=== Work instructions ===
Output the line that contains "VT license plate NLB957" and every line after it to the end of the entries, with nothing added or left out.

=== Task data ===
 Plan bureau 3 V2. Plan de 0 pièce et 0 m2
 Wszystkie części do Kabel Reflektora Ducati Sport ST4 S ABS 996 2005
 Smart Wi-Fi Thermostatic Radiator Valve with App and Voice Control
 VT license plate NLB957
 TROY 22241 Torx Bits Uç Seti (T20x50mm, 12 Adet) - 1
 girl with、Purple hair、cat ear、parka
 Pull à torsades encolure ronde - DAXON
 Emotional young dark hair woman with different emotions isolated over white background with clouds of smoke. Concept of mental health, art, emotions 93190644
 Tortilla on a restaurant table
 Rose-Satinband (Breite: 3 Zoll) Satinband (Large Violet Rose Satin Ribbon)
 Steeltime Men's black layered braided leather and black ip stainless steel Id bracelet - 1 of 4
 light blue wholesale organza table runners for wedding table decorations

=== Answer below ===
 VT license plate NLB957
 TROY 22241 Torx Bits Uç Seti (T20x50mm, 12 Adet) - 1
 girl with、Purple hair、cat ear、parka
 Pull à torsades encolure ronde - DAXON
 Emotional young dark hair woman with different emotions isolated over white background with clouds of smoke. Concept of mental health, art, emotions 93190644
 Tortilla on a restaurant table
 Rose-Satinband (Breite: 3 Zoll) Satinband (Large Violet Rose Satin Ribbon)
 Steeltime Men's black layered braided leather and black ip stainless steel Id bracelet - 1 of 4
 light blue wholesale organza table runners for wedding table decorations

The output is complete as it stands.